If I do have the jurisdiction, I can anyway see no good reason to grant any such retrospective leave. Undertakings of the present sort are important ones. They have been the subject of considerable discussion in the reported cases over recent years and their nature and effect are, or should be, well known to practitioners. It seems to me that if, as I have found, the prosecution of the 1995 action to date has involved an abuse of the process then, in a sense, that finding by itself suggests that the action should be struck out.

I do not, however, consider that that result must inevitably follow. If, in principle, I considered it just to allow the plaintiffs to use the discovered documents for the purposes of a separate action raising the same claims as the 1995 action, then, absent any special considerations pointing in a different direction, there would in my view be much to be said for declining to strike out that action and for giving leave to the plaintiffs to make use of the documents for its further prosecution. Such an order would, no doubt, amount to a de facto validation of what had happened to date, although the court could perhaps reflect its disapproval of that by the making of appropriate costs orders. The alternative course would be to strike the action out, with the usual orders as to costs, but to give leave to the plaintiffs to start a new like action. The latter course is one which would no doubt visit a greater penalty on them and it may be that, in appropriate cases, it would be the right type of order to make. In the circumstances of the present case, however, I would, in principle, subject to the special consideration to which I shall come, favour the former alternative, which would be likely to achieve both an overall saving of costs and the prospect of an earlier trial of a proper claim." (emphasis added)
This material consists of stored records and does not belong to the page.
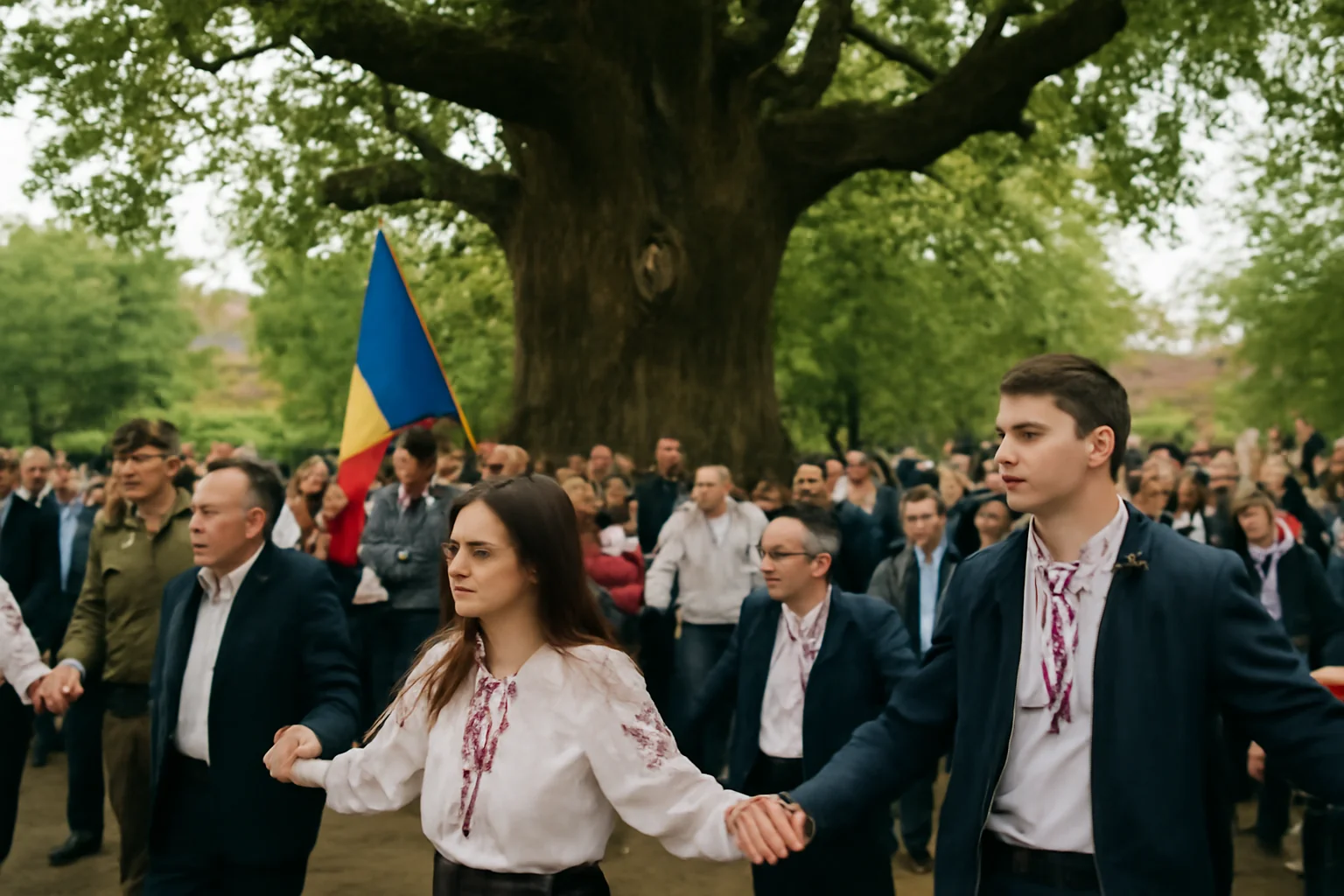 Hora Unirii în jurul stejarului lui Mihai Viteazul, marcată la Tălmaciu, județul Sibiu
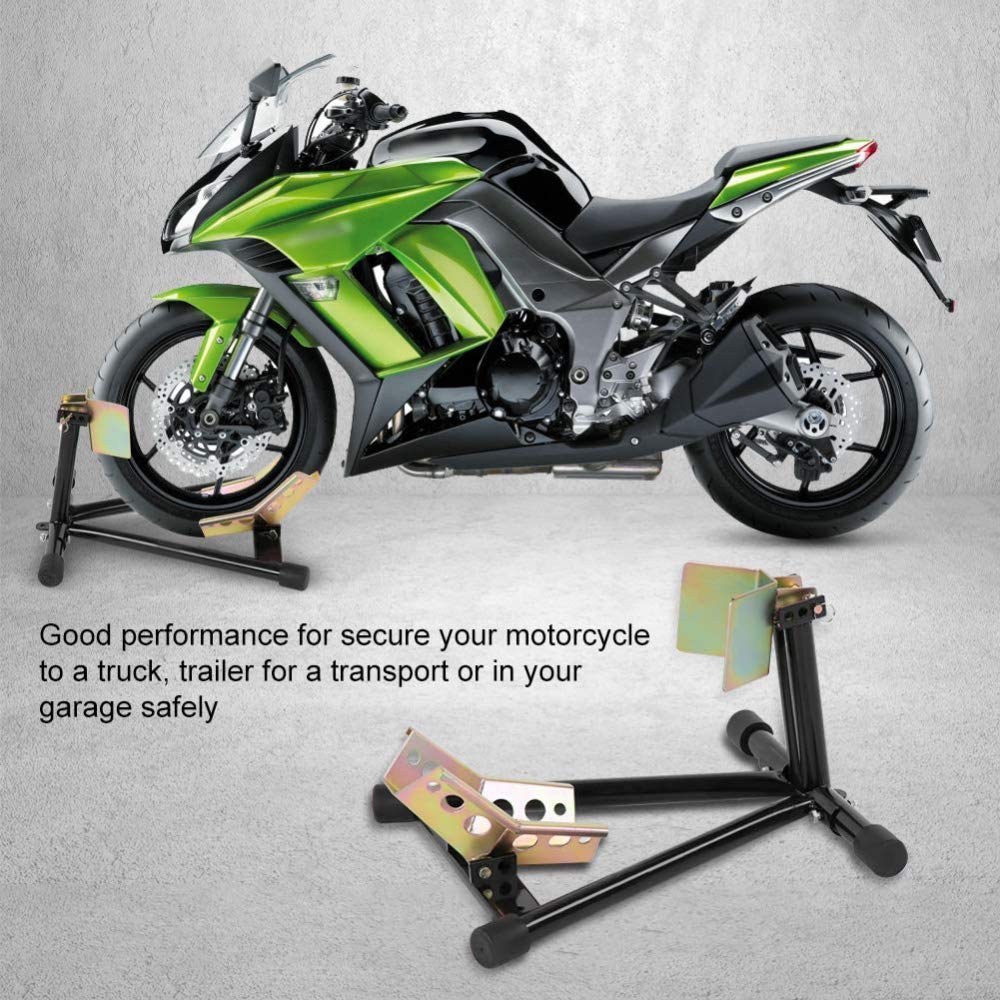 Motorcycle Bike Front Wheel Stand Motorbike Tire Rack Stand for 17-21Inch Wheel Steel Motorbike Wheel Chock Locking Stand System, Front Wheel Chock Parking Rack Display Holder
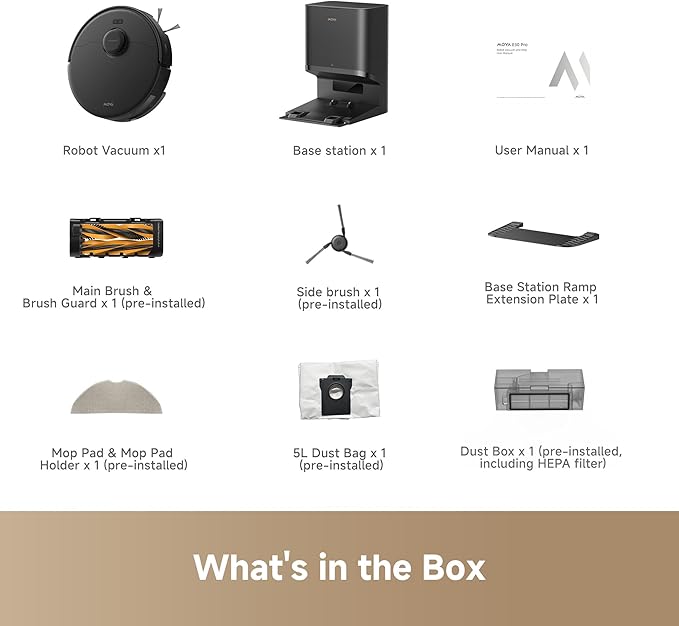 Mova E30 Pro Plus Robot Vacuum, 19000Pa Suction, DuoRoller Brush Anti-Tangle, Self-Emptying 90-Day Hands-Free, Extendable Side Brush for Edge Cleaning, App & Voice Control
  1. I would respectfully adopt the approach suggested by Rimer J in the words italicised above ("If in principle … appropriate costs order").
  1. In my judgment there is nothing of value to it that the Claimant can now achieve in the present action. It has obtained delivery up and destruction in accordance with the order of the Judge. If the action is struck out, what has been done in that regard will not be undone. There is no counterclaim for the return of the Listed Items. The claim for damages is unparticularised, and appears to be without substance. The claim for an injunction was never supported by evidence of a real risk that the Defendant would use the Listed Items or any confidential information otherwise than by retaining copies for the purposes of the Employment Tribunal Proceedings, or for disclosure to a regulatory body. There has been no suggestion before me that there is any continuing need for an injunction.
  1. It follows in my judgment that no injustice would be done to the Claimant by an order striking out the present action, There is no good reason for giving permission to the Claimant to use information obtained from the Listed Items for the further pursuit of this action against the Defendant.
  1. It is true that if the action is struck out, then the Defendant will have a strong argument for payment of his costs. Any application for his costs will no doubt be further supported by the words of Rimer J "the court could perhaps reflect its disapproval of [the claimant's breach of CPR r.32.11] by the making of appropriate costs orders". But that is a question on which I have not yet heard submissions.


  1. In my judgment the Claimant has acted in breach of CPR r.31.22(1), and the justice of the case requires that I order the claim to be struck out. I will hear arguments of costs and the form of the order, if invited to do so.